Söz konusu fuhuş organizasyonu mahkemece telefonu dinlenen isimlerden sanık Ahmet Yumuşak’ın (29) konuşmaları sonrası ortaya çıktı. Yumuşak, abisi ile birlikte IŞİD üyelerini Altınözü’ne bağlı Hacıpaşa Köyü’nden, Reyhanlı merkeze 50 dolar taksi ücreti karşılığı getiren isim. Telefonunun dinlendiğinden habersiz, Reyhanlı’da fuhuş yaptıran Suriyeli bir kadın ile temasa geçen Yumuşak, kendisine ulaşmak istediğini belirtiyor. F.K., Yumuşak ile yaptığı bir konuşmada elinde, küçük yaşta 2 güzel kızın olduğunu söylüyor. Yumuşak da, bu konuşmadan 2 saat sonra aradığı bir kişiye söz konusu kızları pazarlarken, “Zaten biri 16 yaşında, biri fazla güzel değil ama 18-19 yaşlarında” diyor. Yumuşak’ın kadın pazarlamak istediği kişilerden biri de Reyhanlı’da görev yapan bir doktor.
İşte o telefon kayıtları:
13 Haziran 2014 saat 22.29 F.K.: Alo Yumuşak: Selam Aleyküm F.K.: Sen kimsin. Yumuşak: Ben Ahmet, F.K.: Hangi Ahmet, Yumuşak: Reyhanlı’dan ben, Yenişehir’den telefonunu aldım F.K.: Kimden, Yumuşak: H. H.’ın yerinden aldım F.K.: H. H. mı? Yumuşak: Evet Suriyeli çalışandan seni nasıl göreceğiz. F.K: Sen ve kim? Yumuşak: Ben ve arkadaşım: F.K: Ben gelene göre para alırım Yumuşak: Nasıl? F.K.: Gelenden 90 lira alıyorum Yumuşak: Para önemli değil ben sana paranın lafını bile getirmedim. F.K.: Yemin ederim ki bazıları 100 veriyor üzerine 20 lira bahşiş veriyor çünkü iyi davranıyoruz.

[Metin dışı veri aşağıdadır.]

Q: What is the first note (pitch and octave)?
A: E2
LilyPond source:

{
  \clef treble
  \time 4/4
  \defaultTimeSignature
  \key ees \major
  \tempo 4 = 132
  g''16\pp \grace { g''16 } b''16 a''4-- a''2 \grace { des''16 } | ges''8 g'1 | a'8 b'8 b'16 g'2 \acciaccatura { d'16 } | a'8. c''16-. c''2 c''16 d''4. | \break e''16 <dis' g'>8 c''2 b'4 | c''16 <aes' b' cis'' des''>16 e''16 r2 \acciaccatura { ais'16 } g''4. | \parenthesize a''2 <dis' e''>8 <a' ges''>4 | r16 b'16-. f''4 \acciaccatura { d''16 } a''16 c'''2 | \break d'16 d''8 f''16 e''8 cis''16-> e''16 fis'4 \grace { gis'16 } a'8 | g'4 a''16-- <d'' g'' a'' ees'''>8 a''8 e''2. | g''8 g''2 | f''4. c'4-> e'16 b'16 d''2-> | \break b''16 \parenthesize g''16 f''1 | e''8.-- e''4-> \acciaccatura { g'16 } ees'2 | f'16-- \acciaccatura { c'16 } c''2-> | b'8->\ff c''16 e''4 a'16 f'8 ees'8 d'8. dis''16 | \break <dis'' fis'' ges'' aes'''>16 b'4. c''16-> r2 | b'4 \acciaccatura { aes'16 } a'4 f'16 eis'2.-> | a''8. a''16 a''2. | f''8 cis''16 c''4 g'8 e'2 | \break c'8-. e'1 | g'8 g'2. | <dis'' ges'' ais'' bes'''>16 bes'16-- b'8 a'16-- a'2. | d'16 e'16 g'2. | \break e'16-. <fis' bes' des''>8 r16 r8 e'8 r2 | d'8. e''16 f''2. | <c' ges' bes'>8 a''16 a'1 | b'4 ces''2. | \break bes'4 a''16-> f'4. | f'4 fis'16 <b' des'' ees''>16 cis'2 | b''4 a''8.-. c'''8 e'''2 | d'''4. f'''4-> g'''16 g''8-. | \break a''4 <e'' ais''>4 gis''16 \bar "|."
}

14 Haziran 2014 saat 18.03 F.K: Alo Yumuşak: Alo merhaba F.K: Canım benim nasılsın Yumuşak: Valla elhamdülillah dün beni ektin F.K.: Şimdi sen nerdesin Yumuşak: Valla akaryakıt istasyonundayım çay içip geleceğim. F.K: Yenişehir’de misin? Yumuşak: Evet F.K: Gel o zaman elimde iki, küçük yaşta çok güzel tatlı kızlar var. Yumuşak: Nerdesin sen? F.K: O…u çocuğu yanına birini al gel gelirken de bana bira ve sigara al. Yumuşak: Tamam.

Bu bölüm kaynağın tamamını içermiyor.